I think there must have been some structure on a concrete pad on my property because I keep digging up large chunks of concrete! Definitely not as fun as a hunk of marble. I've also found a few drainage tiles, but why they would be on my property is a mystery as the ground here is sloped. The only interesting thing was my most recent find. From the front yard I dug up an old metal doorknob. It makes me wonder whether there was a shed here to go with the old farmhouse on the corner. Thanks for rekindling the memory of those funky rounded capped purple pens I used to use in junior high.
Fun post Kim! Your prybar is such a useful find, none of mine compare. In this yard, mostly rocks, an old button, a couple fossils. We found much more interesting stuff at my mom's house in Northern Indiana-arrowheads, chunks of pottery, lots of fossils, marbles, old bottles, a hot wheels car, and the best one-a 3" porcelain doll, unbroken. It's very cool and I presume rather old, and luckily I'm a packrat and still have it! I feel a post coming on.... ;-)
I live in the city too. The most exciting thing I've found is a cistern. My boyfriend and I were hoping it was a gangster's stash and would be filled with gold. Instead it was just a partially empty hold, so we filled it up with dirt. I've also found a toy soldier, numerous bricks, and various pieces of metal.
Gee...all I ever find when I dig in our property is Just. More. Friggin'. Rocks. Of all sizes from pebbles to serious boulders. This is a lovely post, kim, thanks for sharing. (and I hope you're not too tired after all that excavating.)
Mostly I dig up fist size peices of quartz, but I also sometimes find pieces of old pottery, marbles, and pieces of those blue-glass canning jars. I love to find old farm dumps and can spend hours sifting through the household refuse of another era.
The strangest thing I've found is sand. Feet upon feet upon feet of sand while some of my neighbours complain of clay not far below the surface, I have yet to dig deep enough in some places to find that clay underbelly. In other places, I'd say it's at least 3 feet down. And by sand, I mean SAND, the kind you could quarry and sell in little bags.
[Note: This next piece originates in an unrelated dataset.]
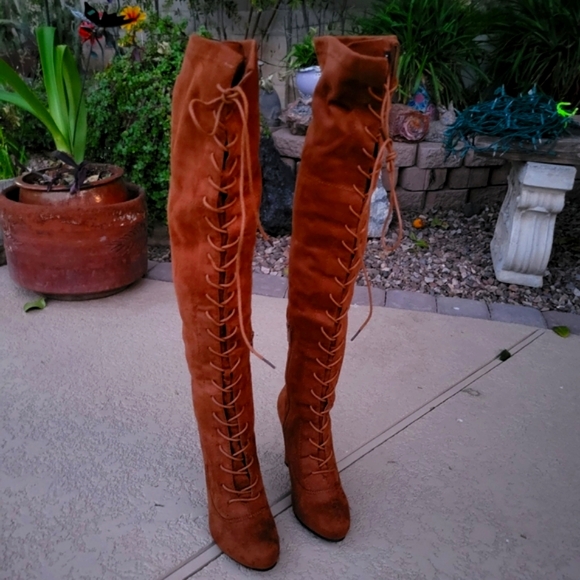 NWT Forever 21 Faux Suede Over the Knee Saddle Brown Lace up Boot.Size 6 1/2. - Picture 2 of 7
No wonder we have such good drainage.
As it turns out some people say that they had originally planned for a cut-through where our house stands so they dumped the sand when the neighbourhood was constructed. I don't know but it comes in useful when I need some... sand...
My first ever post was about the most interesting thing we've excavated from our garden:
http://heathersgarden.typepad.com/heathers_garden/2007/06/the_beginning.html
But I like to think that I've gotten better at this whole blogging thing, so I draw your attention to a more recent post about more under-garden finds:
http://heathersgarden.typepad.com/heathers_garden/2007/09/really-frighten.html
Kris, how funny--maybe since you haven't found a crowbar yet one of those railroad spikes would come in handy to help remove the stubborn sidewalk?! ;)
chuck b., au contraire! This may be my blog, but we're talking about finds, not necessarily about me. The former is much more interesting.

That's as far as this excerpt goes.